I like the power draft and Guru idea, but don't need one personally.

How about the Nano and a Maverick thermo from A-Maze-N Smoker?

If you don't need the ramp mode and the bells and whistles, they will possibly be more clutter than benefit.  Especially if you don't use the functions very often.

You can use the Maverick in the oven, and other locatons as well.

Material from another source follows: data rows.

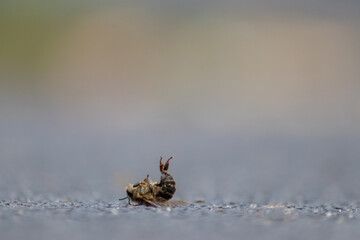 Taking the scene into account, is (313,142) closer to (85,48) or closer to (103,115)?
(103,115)

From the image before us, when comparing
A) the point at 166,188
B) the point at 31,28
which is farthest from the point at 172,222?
the point at 31,28

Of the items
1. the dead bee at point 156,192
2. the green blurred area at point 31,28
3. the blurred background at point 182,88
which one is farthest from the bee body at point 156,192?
the green blurred area at point 31,28

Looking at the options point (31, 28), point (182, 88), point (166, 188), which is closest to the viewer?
point (166, 188)

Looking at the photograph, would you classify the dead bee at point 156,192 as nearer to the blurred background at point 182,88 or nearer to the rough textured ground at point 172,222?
the rough textured ground at point 172,222

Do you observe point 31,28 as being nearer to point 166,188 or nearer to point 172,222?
point 166,188

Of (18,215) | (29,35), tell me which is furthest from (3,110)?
(18,215)

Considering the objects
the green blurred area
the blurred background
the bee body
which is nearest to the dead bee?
the bee body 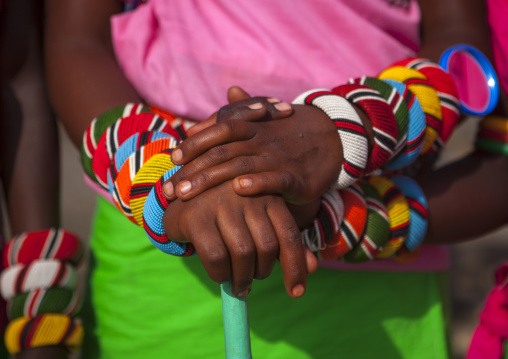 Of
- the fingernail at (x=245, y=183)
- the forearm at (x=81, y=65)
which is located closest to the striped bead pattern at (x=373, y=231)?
the fingernail at (x=245, y=183)

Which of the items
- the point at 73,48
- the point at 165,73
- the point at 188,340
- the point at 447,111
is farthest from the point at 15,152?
the point at 447,111

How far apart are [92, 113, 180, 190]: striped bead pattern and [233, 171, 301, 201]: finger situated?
0.57 ft

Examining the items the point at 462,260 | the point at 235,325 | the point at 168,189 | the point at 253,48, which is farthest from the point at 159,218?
the point at 462,260

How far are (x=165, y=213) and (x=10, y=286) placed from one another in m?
A: 0.43

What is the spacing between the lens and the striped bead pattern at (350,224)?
2.29 feet

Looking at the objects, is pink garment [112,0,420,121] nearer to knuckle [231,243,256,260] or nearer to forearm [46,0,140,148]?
forearm [46,0,140,148]

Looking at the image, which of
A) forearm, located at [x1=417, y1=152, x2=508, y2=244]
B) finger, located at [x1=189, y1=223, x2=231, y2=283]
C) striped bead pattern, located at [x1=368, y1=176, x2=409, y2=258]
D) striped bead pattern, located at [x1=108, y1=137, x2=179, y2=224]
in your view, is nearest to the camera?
finger, located at [x1=189, y1=223, x2=231, y2=283]

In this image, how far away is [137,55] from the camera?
2.86ft

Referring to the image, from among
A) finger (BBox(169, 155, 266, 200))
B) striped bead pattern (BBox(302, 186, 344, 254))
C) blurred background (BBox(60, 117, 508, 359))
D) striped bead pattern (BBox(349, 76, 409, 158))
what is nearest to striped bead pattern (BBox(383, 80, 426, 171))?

Which ever path you go, good luck!!!


----------



## bruno994 (Jan 2, 2013)

What kind of setup are you putting this on?  I am a fan of the idea as well, but not sure that I would ever go to either.  My RF pit controls very well, but is a fuel hog.  I am not so certain that I would get any more sleep at comps with the Guru than without, cause even with the Guru, you still got to manually put wood on the fire.


----------



## jerseydrew (Jan 2, 2013)

i have the WSM, so even without a controller i have at least 12+ hours of fuel in the thing at a time. this setup is primarily for overnight use so i can sleep while cooking a shoulder or brisket for the family and having to have it be ready for lunch time.


----------



## bruno994 (Jan 2, 2013)

Gotcha, I was figuring WSM or Egg.


----------



## jerseydrew (Jan 2, 2013)

i mean i guess i can go real cheap and just get the Maverick and have it beep at the minimum setting for adjustments. i just don't want to ruin the food when i have guests coming over. a secondary safety measure of a power draft system and the Maverick as a back up alert seems to be the best in my mind.


----------



## oldtoadbbq (Jan 3, 2013)

I have a WSM, and a lg BGE. I happened to tell the wife that a guru would be nice, and she got me a cyberQ wyfy for Christmas (love her). I was only looking at the DigiQ. Both my pits hold temps really well, I just thought the guru would be great for overnight cooks. The cyberQ is a little overkill for me, but now that I have it I love it. The extra meat probes are great for the WSM when I have butts on both the upper and lower shelves. Either way you go, Happy Smoking!


----------



## jerseydrew (Jan 3, 2013)

i ordered the digiQ hopefully it works well.


----------



## portlandroger (Jan 4, 2013)

I've done a number of 'over night' cooks, using only my Maverick.  It works fine, but I'll admit that the darn thing wakes me up to tend to my WSM too.  I'm seriously thinking of buying a DigiQ myself.  Heck - sometimes during the day I have to tend to temp fluctuations and it seems that the Guru will eliminate them.

I'll enjoy hearing how you like it, and any tips you have as to working it properly!


----------